The report is a bit thin and not very clear about what it means by context. But I’m happy to leap in and provide some ideas and put their work in a wholly different context. Let someone else worry about business models (but please someone do so) — let’s think about political models.
If we replace the report’s economic language with political language, it gets pretty powerful. Instead of consumers and users, think of citizens, people, political agents, and the public. Then the report becomes good for understanding the political and democratic dimensions of new media.
* citizen media and professional media can complement each other; they needn’t be seen as competitors
* individual citizens don’t and can’t create context; communities do and that’s why new media is so powerful; it let’s the public interconnect:
A naked rating, ranking, or review on its own has little value or meaning—but millions of them, in the aggregate, weave complex and multilayered webs of meaning. Put another way, context is the result of the complex, multilevel, network effects that happen when millions of [people] connect.

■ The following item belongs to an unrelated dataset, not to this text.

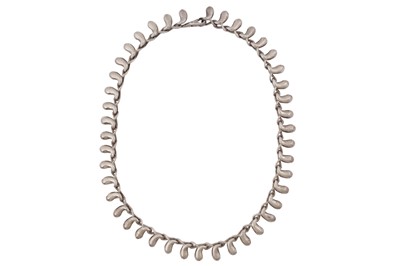 Lot 193 - Brett Payne | A silver drop necklace, circa 2000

* context isn’t really “generated” but is that is “deeply culturally specific and socially bound”
The report gives a nice language for understanding something that’s been apparent for a long time. Professional players feel under siege, but not because the audience has morphed into producers but because the public finally has a way of articulating the sense it has and can make about “all the news that’s fit to print.” No longer are the old, big players the arbiter of what’s news and what’s entertaining; the people themselves can loudly say whether what’s on the news or in other media is actually meaningful and useful for their lives.
If this kind of phenomenon had been going so strong back in the 1990s, the public journalism movement would have been on a whole new footing. But that’s a thought for another post.